HC-Rückraumspielerin Nina Beyerle trifft sechsmal beim Sieg im Stadtderby gegen den SV Fellbach. Foto: Günter Schmid

Die Landesliga-Handballerinnen des HC Schmiden/Oeffingen gewinnen das Stadtderby gegen den SV Fellbach mit 25:23 und bleiben damit dem Spitzenreiter dicht auf den Fersen.

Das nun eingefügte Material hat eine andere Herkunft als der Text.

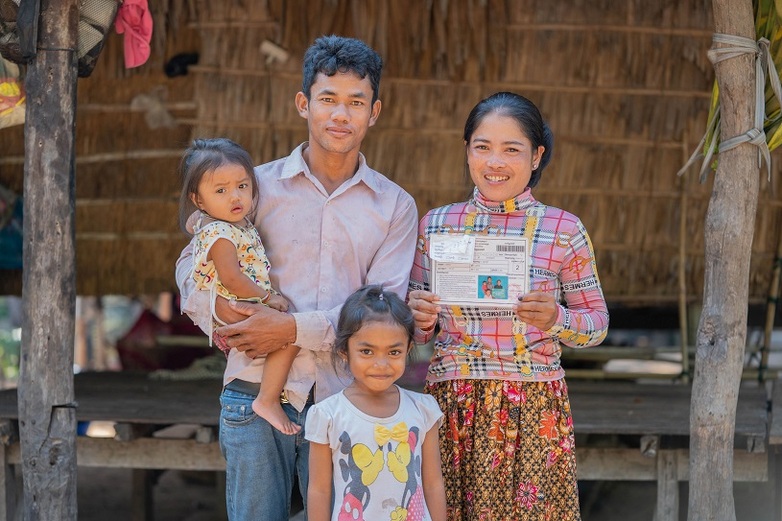 A family of four posing for the camera, holding a laminated equity card featuring their personal details, which gives them access to social assistance benefits and basic health care.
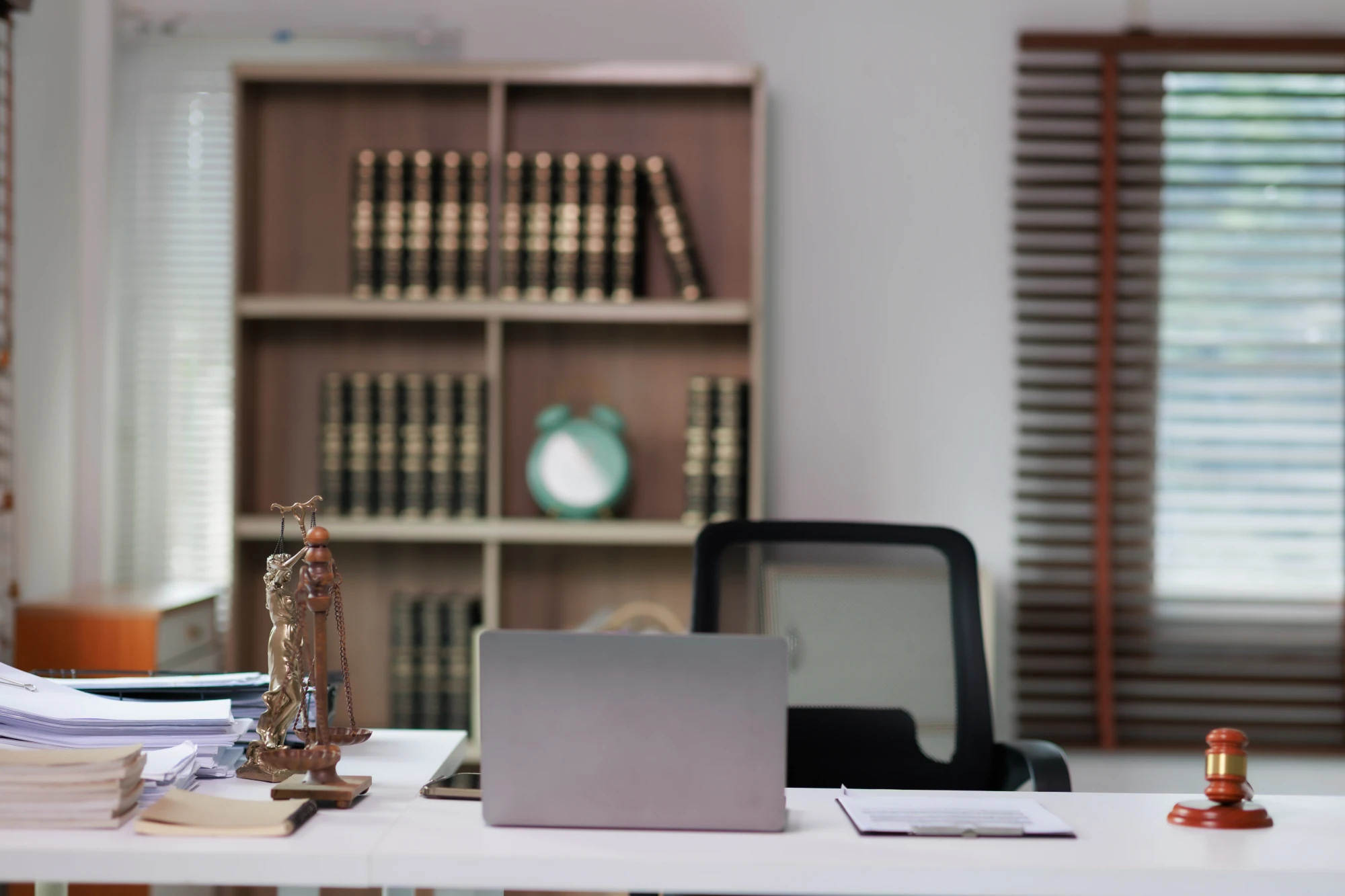 A quiet law office with shelves of legal books, a wooden desk, and a window letting in natural light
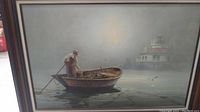 Frontal view of the painting showing the man rowing the boat on calm water towards a lighthouse in fog.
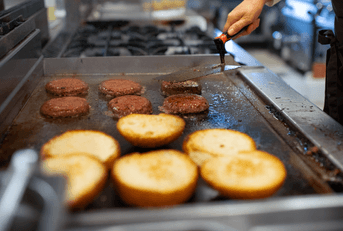 burgers on grill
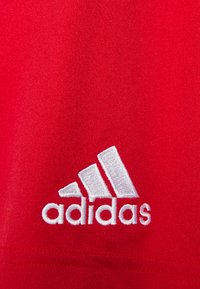 Rød sportstrøje lavet af struktureret stof, med et hvidt broderet Adidas-logo i nederste hjørne.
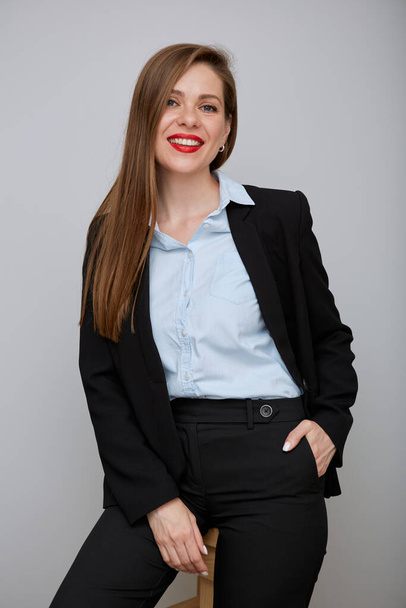 Smiling woman in black business suit sitting on tall stool. Young business woman isolated portrait. - Fotografie, Obrázek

Nachdem die Landesliga-Handballerinnen des HC Schmiden/Oeffingen das Hinspiel am 1. November vergangenen Jahres beim Aufsteiger SV Fellbach mit 23:24 verloren hatten, gelang dem Team nun im zweiten Stadtderby in heimischer Halle die Revanche – 25:23. „Das war ein hartes Stück Arbeit. Aber am Ende hatten wir die fitteren Spielerinnen auf dem Feld und haben deshalb auch verdient gewonnen“, sagte der HC-Trainer Felix Link. Er gab aber auch zu, dass die Zeitstrafe, die die Fellbacherin Edona Kuqi drei Minuten vor Schluss bekommen hatte, seinem Team „gut getan hat“. Just in dieser Überzahl erzielte Chiara Scherer das finale Tor zum 25:23. Mit dem Sieg hat der HC-Verbund seinen zweiten Platz in der Tabelle gefestigt und liegt weiterhin einen Punkt hinter dem Spitzenreiter SG Hirsau/Calw/Bad Liebenzell. Sollten sich beide Teams keine weiteren Punktverluste mehr leisten, wird am finalen Liga-Spieltag (2. Mai) entschieden, wer direkt aufsteigt und wer in der Aufstiegsrelegation ran muss. An jenem Samstag tritt nämlich der HC II bei der SG an.

 

Der SVF kann in der Liga mithalten

Der SV Fellbach hingegen muss als aktuell Tabellenvorletzter um den Klassenverbleib bangen. Nach jetzigem Stand steigen die beiden letzten Teams ab, der Tabellenachte muss in die Relegation. „Ich bin guter Dinge, dass wir den Klassenverbleib schaffen“, sagt der SVF-Trainer Dominic Hahn. „Wir können in dieser Liga mithalten, bringen uns nur leider oft selbst um den Lohn.“

Fast noch einmal eine Überraschung

Das war auch im Spiel beim favorisierten Stadtnachbarn der Fall. Der SVF führte mit 3:0, ehe den Gastgeberinnen erst in der 8. Minute der erste Treffer gelang. Bis zum Pausenstand von 10:10 wechselte die Führung immer wieder. Auch nach Wiederanpfiff erwischten die Gäste den besseren Start – 13:10. „Den Wachmacher haben wir wohl gebraucht“, sagte Link. Denn danach legte der HC II um seine sechsfache Torschützin Nina Beyerle einen 6:0-Lauf hin; den SVF-Spielerinnen gelang acht Minuten lang kein Treffer mehr. Doch sie ließen sich nicht abschütteln, berappelten sich noch einmal. Mit Erfolg. Knapp fünf Minuten vor Schluss führte der Tabellenvorletzte mit 23:21 und es bahnte sich die nächste Überraschung an. Dass diese letztlich ausblieb, lag einmal mehr an der Chancenverwertung. Während die Gastgeberinnen noch viermal einnetzten, blieben der SVF erneut fünf Minuten lang ohne Torerfolg. „Schade, wir hätten einen Punkt verdient gehabt“, sagte Hahn.

    HC II: Bauer, Lena Bürkle – Beyerle (6), Ugele (4), Scherer (4/1), Golombek (2), Markovic (2), Raiser (2), Paul (2), Pfeiffer (1), Haak (1), Richter (1), Faßnacht, Nossek, Weiß, Emily Bürkle. SV Fellbach: Brachetti – Wolfbeiß (6), Berger (6/2), Zaiß (5), Jehona Kuqi (3), Skrbin (2), Gleinser (1), Steffan, Pfitzer, Käfer, Tahiri, Kim Göbbel, Edona Kuqi, Holzwarth.